These two truths are like the twin parallel lines of a railway. God has set them a certain distance apart. Man often emphasises one at the expense of the other, seeks to merge the two together, or puts too wide a separation between them. In every case the end result is a theological derailment!
The Lord Jesus said “Come to me” (Matt. 11: 28) but He also said “no one can come to me unless it be given to him from the Father” (John 6: 65). The former is on the line of man’s responsibility; the latter on the line of God’s sovereignty. Both are vital truths and we must hold to each, and not use one to weaken the other.
Accordingly, in regard to the salvation of the soul, there are also two distinctive parts to the work of God: the work of God for us and the work of God in us. Either way, it is God’s work and not man’s, for the Scriptures testify that “Salvation is of Jehovah” (Jonah 2: 9). If these two truths are muddled up then instability of the soul will result. The first is effected by the Lord Jesus in His death and resurrection; the second by the Holy Spirit in new birth. The first is on the line of man’s responsibility; the second on the line of God’s sovereignty. We must not cross or merge the two lines.
When I read “that Christ died for our sins, according to the scriptures” (1 Cor. 15: 3), I am responsible to accept that truth by faith. But faith is the sovereign gift of God (see Eph. 2: 8) and I will never exercise faith unless the Holy Spirit first works in my soul effecting new birth. As the Lord said “Except any one be born anew he cannot see the kingdom of God” (John 3: 3, my emphasis), let alone enter it (see v5).

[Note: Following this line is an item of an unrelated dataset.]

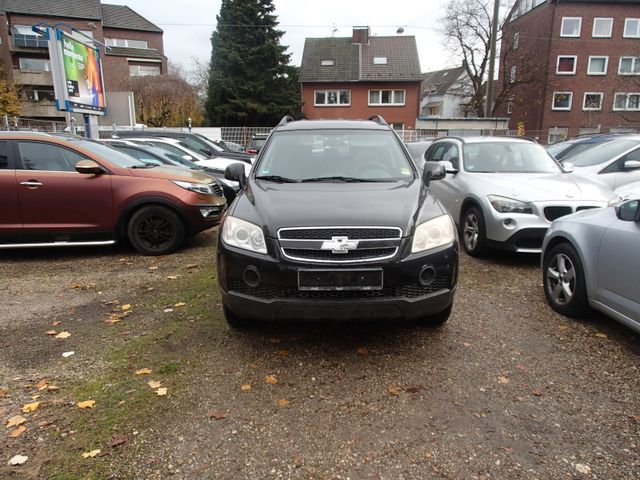 Chevrolet Captiva 2.4 LS 2WD 5-Sitzer/LPG /GUTER ZUSTAND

However, the presentation of the Gospel is very definitely on the line of man’s responsibility, rather than that of God’s sovereignty. God’s sovereignty is linked to what I am; man’s responsibility to what I have done. God does not hold a man to account for who he is, but for what he has done.
When John sees the lost before the great white throne, he says “And I saw the dead, great and small, standing before the throne, and books were opened; and another book was opened, which is [that] of life. And the dead were judged out of the things written in the books according to their works. And the sea gave up the dead which [were] in it, and death and hades gave up the dead which [were] in them; and they were judged each according to their works” (Rev. 20: 12, 13, my emphasis). The lost will be judged on the grounds of what they have done, not on what they were, whether small or great.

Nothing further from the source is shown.